67. Öte yandan somut olayda ihlalin tespit edilmesinin başvurucunun uğradığı zararların giderilmesi bakımından yetersiz kalacağı açıktır. Dolayısıyla eski hâle getirme kuralı çerçevesinde ihlalin bütün sonuçlarıyla ortadan kaldırılabilmesi için kötü muamele yasağının ihlali nedeniyle yalnızca ihlal tespitiyle giderilemeyecek olan manevi zararları karşılığında başvurucuya net 20.000 TL manevi tazminat ödenmesine karar verilmesi gerekir.
68. Anayasa Mahkemesinin maddi tazminata hükmedebilmesi için başvurucunun uğradığını iddia ettiği maddi zarar ile tespit edilen ihlal arasında illiyet bağı bulunmalıdır.
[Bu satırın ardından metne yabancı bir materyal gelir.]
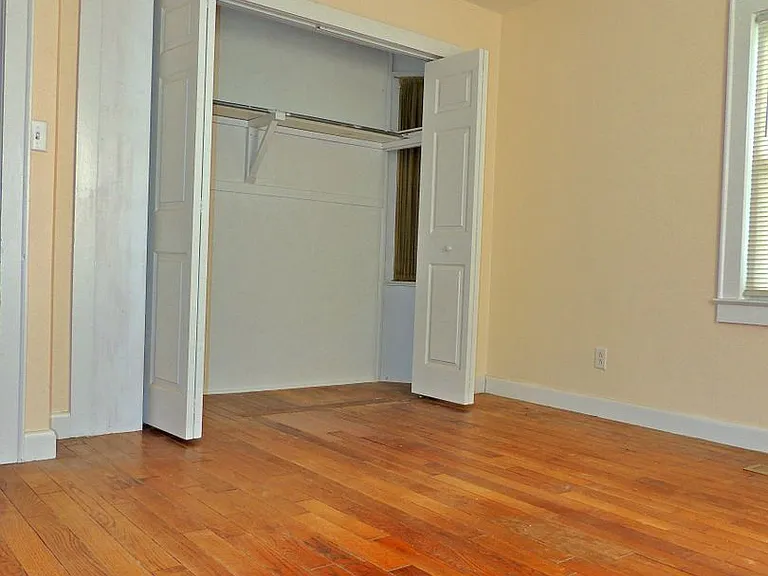 115 Park Dr — Photo 13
Başvurucunun bu konuda herhangi bir belge sunmamış olması nedeniyle maddi tazminat talebinin reddine karar verilmesi gerekir.
69. 3.000 TL vekâlet ücretinden oluşan yargılama giderinin başvurucuya ödenmesine karar verilmesi gerekir.
VI. HÜKÜM
Açıklanan gerekçelerle;
A. Kötü muamele yasağının ihlal edildiğine ilişkin iddiasının KABUL EDİLEBİLİR OLDUĞUNA,
B. Anayasa’nın 17. maddesinin üçüncü fıkrasında güvence altına alınan kötü muamele yasağının usul boyutunun İHLAL EDİLDİĞİNE,
C. Kararın bir örneğinin kötü muamele yasağının usule ilişkin boyutunun ihlalinin ve sonuçlarının ortadan kaldırılması için yeniden soruşturma yapılmak üzere Gaziantep Cumhuriyet Başsavcılığına GÖNDERİLMESİNE,
D. Başvurucuya net 20.000 TL manevi tazminat ÖDENMESİNE, diğer tazminat taleplerinin REDDİNE,
E.3.000 TL vekâlet ücretinden oluşan yargılama giderinin başvurucuya ÖDENMESİNE,
F. Ödemenin, kararın tebliğini takiben başvurucunun Hazine ve Maliye Bakanlığına başvuru tarihinden itibaren dört ay içinde yapılmasına, ödemede gecikme olması hâlinde bu sürenin sona erdiği tarihten ödeme tarihine kadar geçen süre için yasal FAİZ UYGULANMASINA,
G. Kararın bir örneğinin Adalet Bakanlığına GÖNDERİLMESİNE 29/9/2020 tarihinde OYBİRLİĞİYLE karar verildi.